TASK INSTRUCTIONS: Return, exactly as written, the line containing "Mercedes-Benz Vito Viano" and every line after it to the end of the records below, with no pictures.
══════════
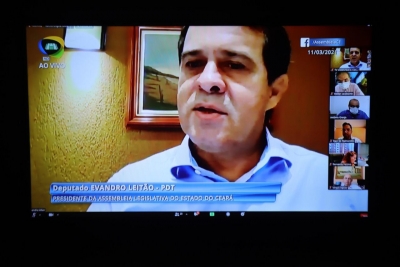 Presidente da AL, deputado Evandro Leitão, durante sessão plenária remota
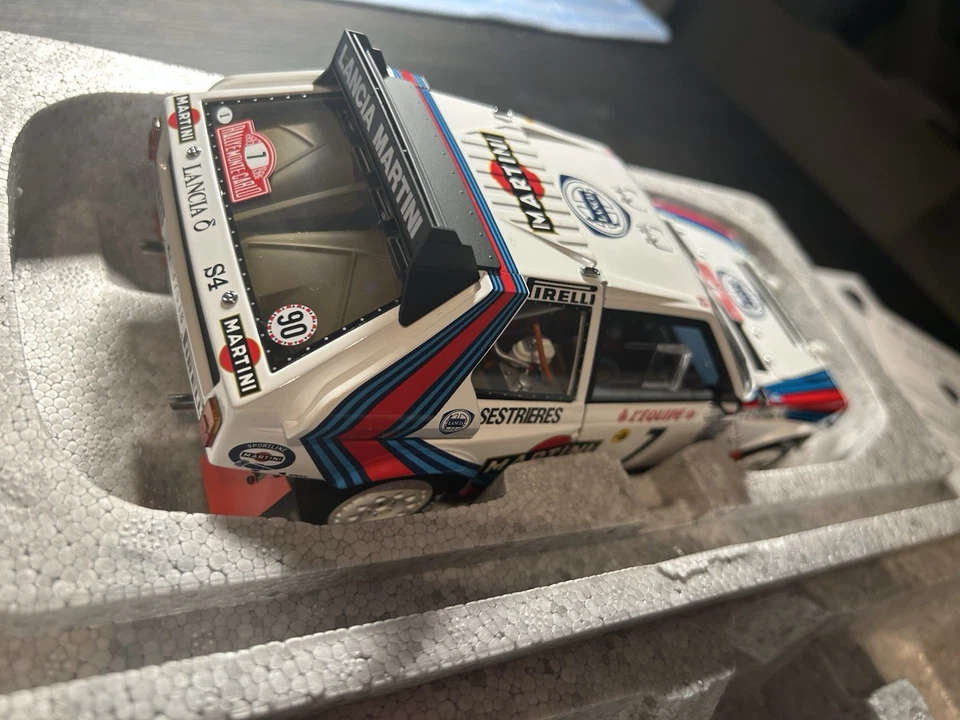 Lancia Delta S4 Montecarlo WINNER 1986 Autoart Signature Series 1/18 NEW!!! - Imagen 2 de 4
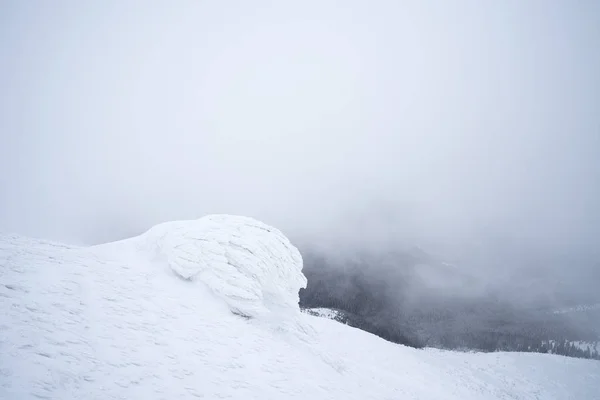 冬天的雪山 景观与雪和雾 岩石覆盖着积雪 — 图库照片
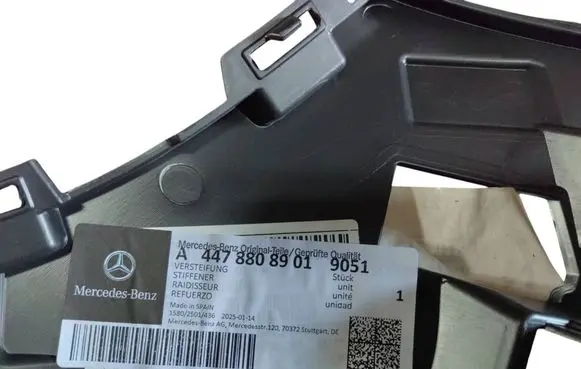 Mercedes-Benz Vito Viano W447 Front bumper mounting bracket A4478808901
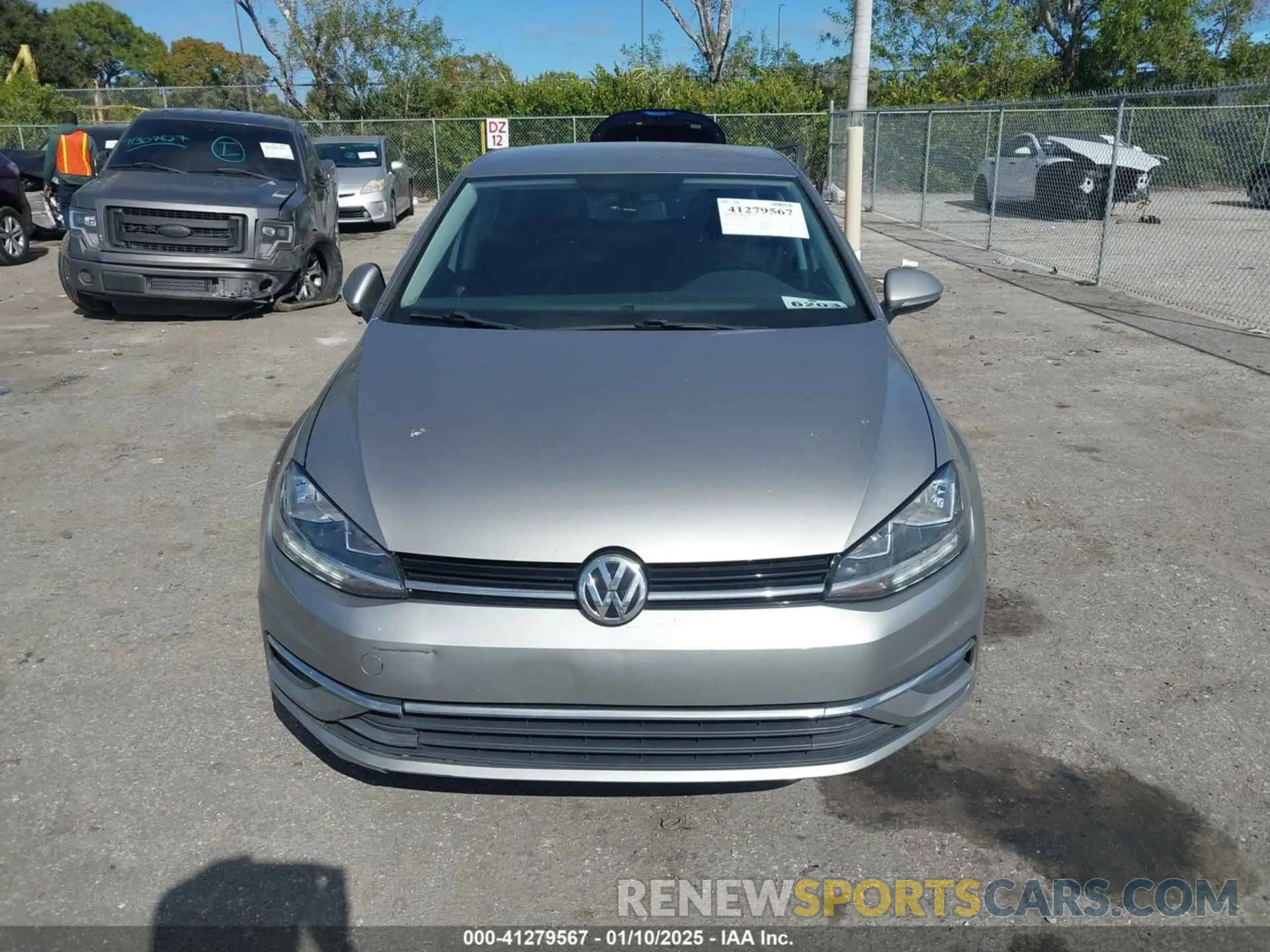 12 Photograph of a damaged car 3VWG57AU1KM036674 VOLKSWAGEN GOLF 2019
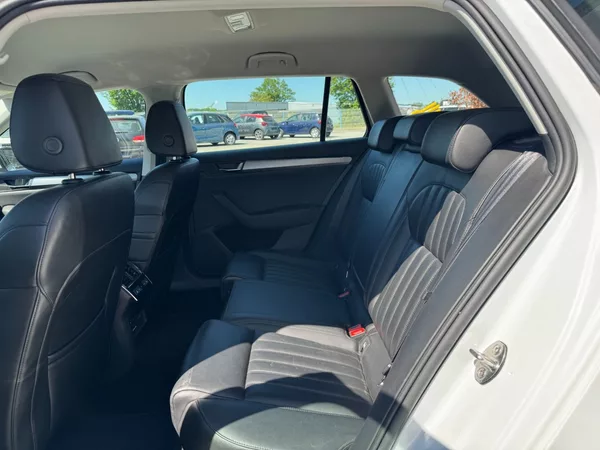 Škoda Superb 2,0 Tdi 110 Kw DSG STYLE + - foto 13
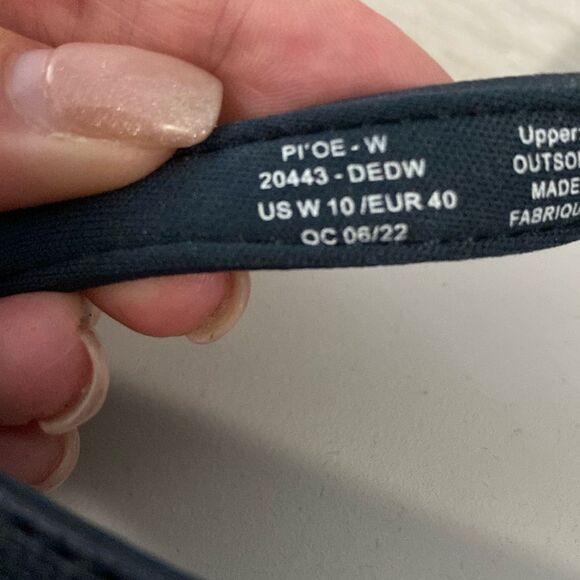 NWT-OLUKAI-Pi'oe Women's Beach Sandals,Water-ResistantNavy blue and Grey-Size 10 - Picture 6 of 7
══════════
SOLVED PROBLEM:
 Mercedes-Benz Vito Viano W447 Front bumper mounting bracket A4478808901
 12 Photograph of a damaged car 3VWG57AU1KM036674 VOLKSWAGEN GOLF 2019
 Škoda Superb 2,0 Tdi 110 Kw DSG STYLE + - foto 13
 NWT-OLUKAI-Pi'oe Women's Beach Sandals,Water-ResistantNavy blue and Grey-Size 10 - Picture 6 of 7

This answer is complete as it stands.